Gourmet: Despite the big white hat and impressive title at the Marriott in Cap d’Ail, Norman Mac Pherson is just like us … a foreigner cooking in an unfamiliar land

Adding an American touch to the plate

From a cook's perspective, it's great. If I want to have Italian for dinner, I am literally having Italian," laughs Norman as we sit together on the terrace of the Marriott on this beautiful, sunny day.

Norman Mac Pherson waved goodbye to New York to pursue a career in the culinary capital of the world

It is one year exactly since the 44-year-old waved goodbye to the Big Apple and headed for the culinary capital of the world. He is the Head Chef of this impressive four-star hotel, with its brasserie overlooking the picturesque bay of Cap d'Ail, and he leads a team of five French cooks.

"New York is hustle hustle, you are always trying to climb your way to the top. And that's the mindset I came here with, 'Ra Ra let's go team'. But it's tranquil here, so I am getting used to that."

His comment reminds me how I felt six years ago. "You will adjust in no time," I assure him as we sip on a glass of delectable Perrier Jouet champagne. The lifestyle and culture is what keeps us all here, in the end.

A blank page

But it raises the question - how does a leading chef from the career-driven US get lured to the carefree Riviera?

"It's a maturation of the chef. I have worked with a lot of things in the States, but here it's like a clean slate. To see different produce is exciting. One of my new favourites is the pOmelo - in between a grapefruit and an orange - and it has an incredible flavour. The dressing I have with it (see recipe below) is one I have been thinking about for years; it's been in my head and I have finally found something to put it with."

As exciting as discovering new produce in a foreign land is, it can also be very daunting, for chefs and home cooks alike. But you shouldn't let that deter you, says this Jamaican-born chef.

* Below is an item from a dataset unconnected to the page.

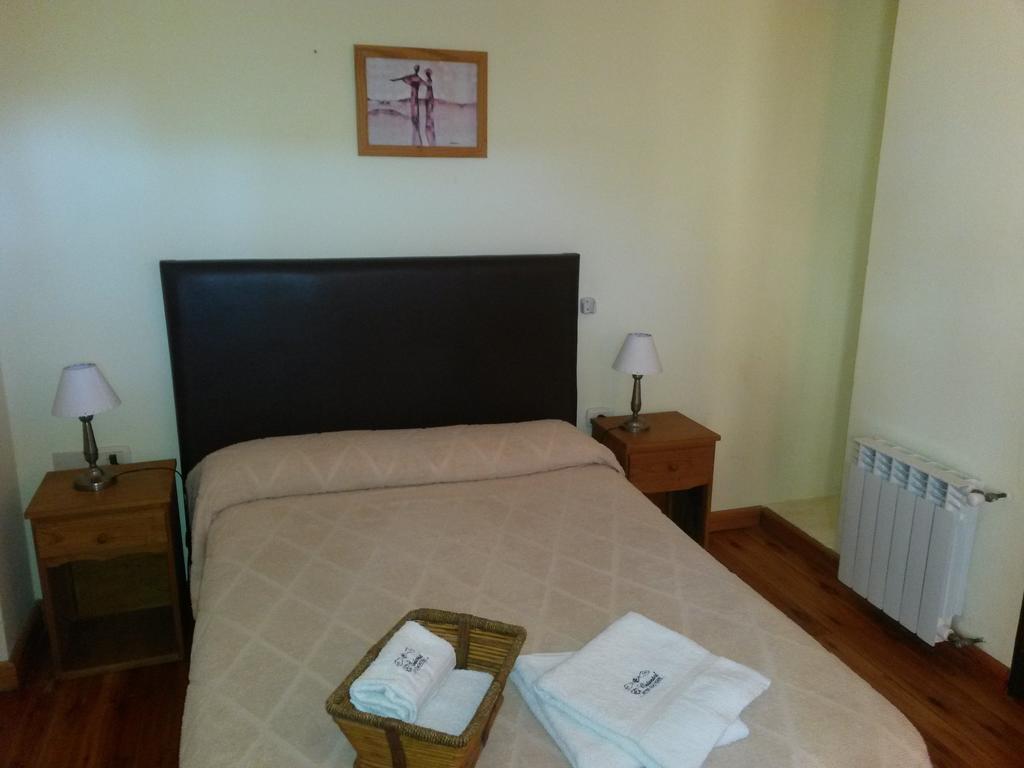 Hotel El Colonial חדר תמונה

"Yes it is a challenge, but it's all about not being shy, willing to try and willing to fail. I think when it comes to cooking, a lot of people are afraid. But if it fails, it's fine - you didn't necessarily fail, you just know you are not going to go this route next time." And it is good advice. Often we won't even try to cook with produce that we don't recognise the name or shape of.

But isn't this all part of being a foreigner in an unfamiliar land?
"Go to your supermarket, go to your butcher, and just communicate. Talk to the produce department and ask questions - what is this? How does it taste? How do I use it? Just be curious and don't be shy," advises Norman.

And then the most amazing things can happen - the fusion of traditional local products with very untraditional ideas. Norman does this perfectly. Chicken and baby leek deep fried ravioli, seared fish on a bed of ratatouille with Jamaican spices, café gourmand with banana mousse and caramelised walnuts. The results speak for themselves.

Summer BBQs

As diners, there is plenty to look forward to. In addition to a spring menu of fusion cuisine, Norman will head an American-style BBQ in the summer on the terrace, where he plans on teaching eager clients the finer points of this American classic.

"I want to play around with the theme - a Memphis BBQ, a southern BBQ, there are quite a few differences, and we'll be using fresh local produce, of course."

It is refreshing talking to Norman. Because although we may live in the 'culinary capital' of the world, you can't deny that fusion cuisine - taking the best the world has to offer - is the epitome of fine dining (and not in the luxury sense). We should all embrace this concept in our own kitchens, and not be afraid to fail.

And if you need some pointers, just come and visit Norman.